Flinders University has launched a range of new law courses studyng the legal implications of emerging technologies and how they can be used to in legal practice to increase the quality of service.
It follows a successful pilot at the uni in which law students designed and built their own apps using Neota Logic's artificial intelligence software to increase their technological literacy.
The app building pilot was also billed as a way of increasing people's access to legal services in areas where they might otherwise not be able to - another goal of the new suite of courses.
Dean of Law, Associate Professor Tania Leiman said in a statement that the new courses will be available for study from March next year.
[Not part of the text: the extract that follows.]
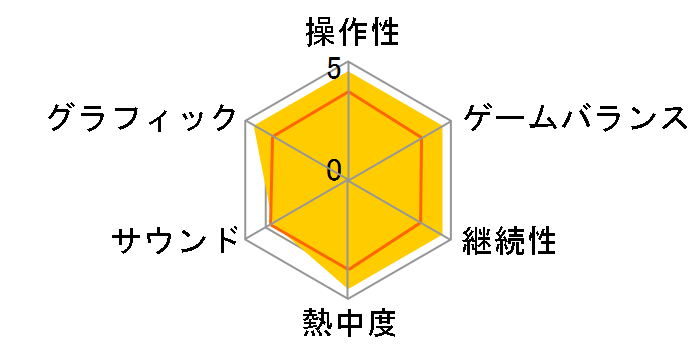 ������TOEIC TEST DS�g���[�j���O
"On of the core topics is Law in a 'Digital Age', which seeks to equip students with the digital skills to assist clients to access justice," Leiman said.
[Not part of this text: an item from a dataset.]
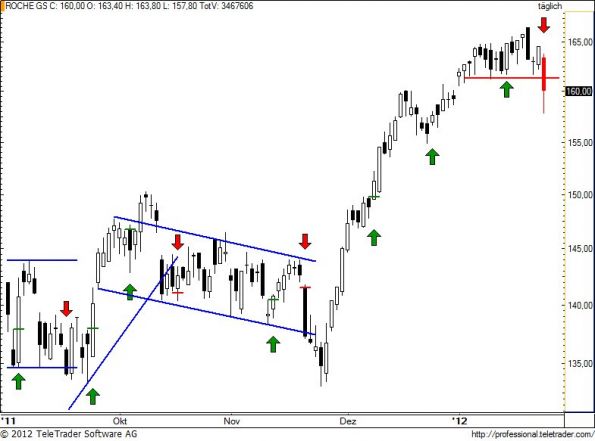 charts/partner/boersego/resized/1327519201_rogn79.jpg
“It’s a topic of vital importance given the fast changing pace of technology – the transition from telex to fax to emails has happened in some 30 years and the pace of change continues to accelerate, so graduates need to be able to adapt to the next generation of technology, whatever that may be.
"Knowing the law in and of itself is no longer enough; graduates also need to understand and be capable of harnessing the channels through which justice is delivered, and that’s not just the court room – it’s increasingly the cybersphere."
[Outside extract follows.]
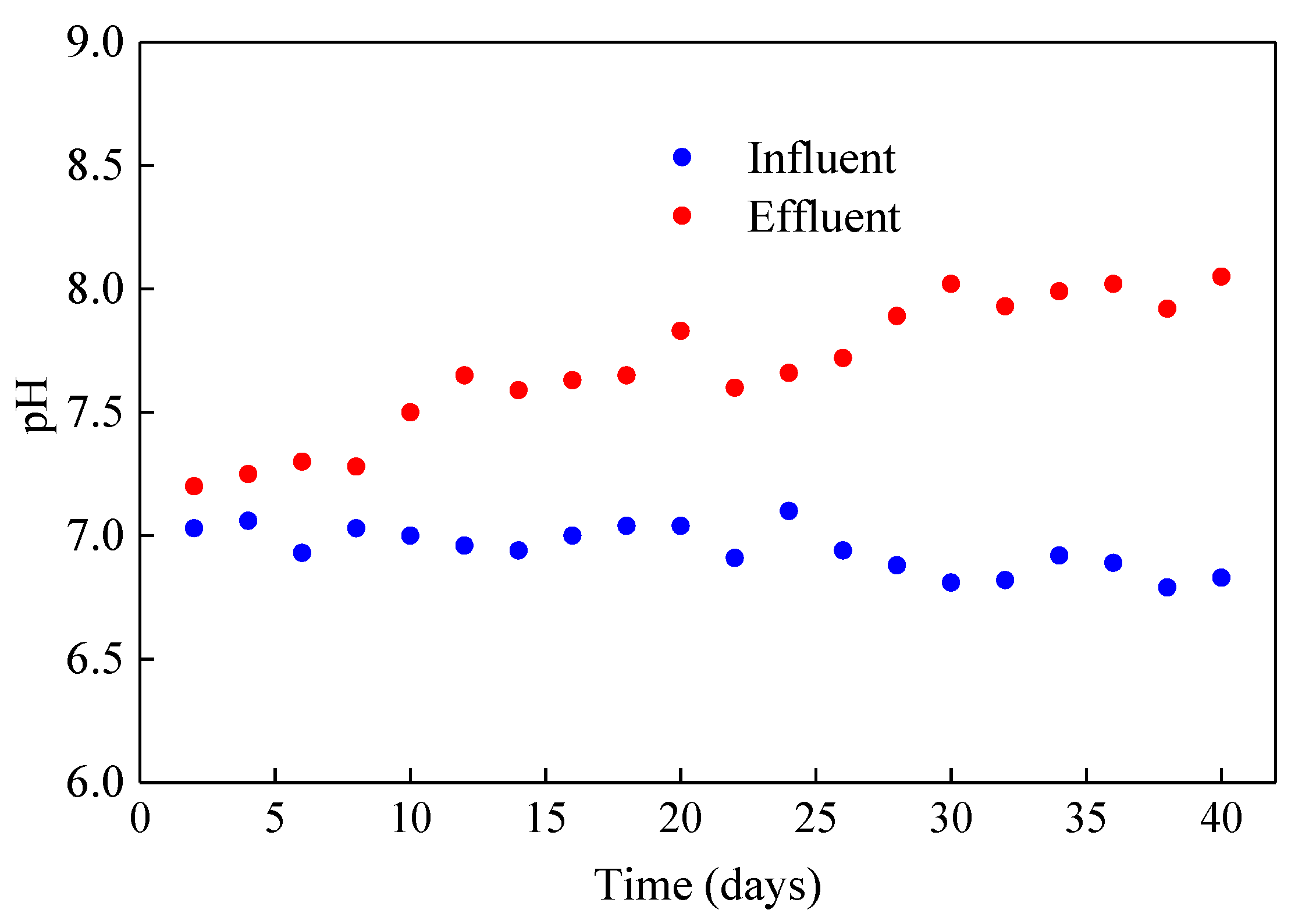 Membranes 10 00353 g004 Membranes 10 00353 g004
Another course, 'Technology Law', will focus on the challenges of regulating technologies including social media, artificial intelligence, fintech, internet censorship and "everything in between," the university said.
'Legal Innovation and Creative Thinking' is another course designed to help law students drive innovation in the sector and recognise new and existing opportunities driving by creative thinking.
“Students will additionally have the opportunity to embrace legal innovation for social good as part of their course options,” Leiman added.
She said that while the principles on which legal studies has been based for hundreds of years has long produced "exceptional" lawyers, there's an increasing need to augment those jurispredential skills with skills that can enable justice to be effectively delivered in modern society.
"Technological innovation is transforming almost every aspect of the law and legal practice, creating new ways of working in new markets
"These bold new offerings mean that a Flinders Law degree will give students the skills and knowledge required to adapt and thrive in a changing legal landscape."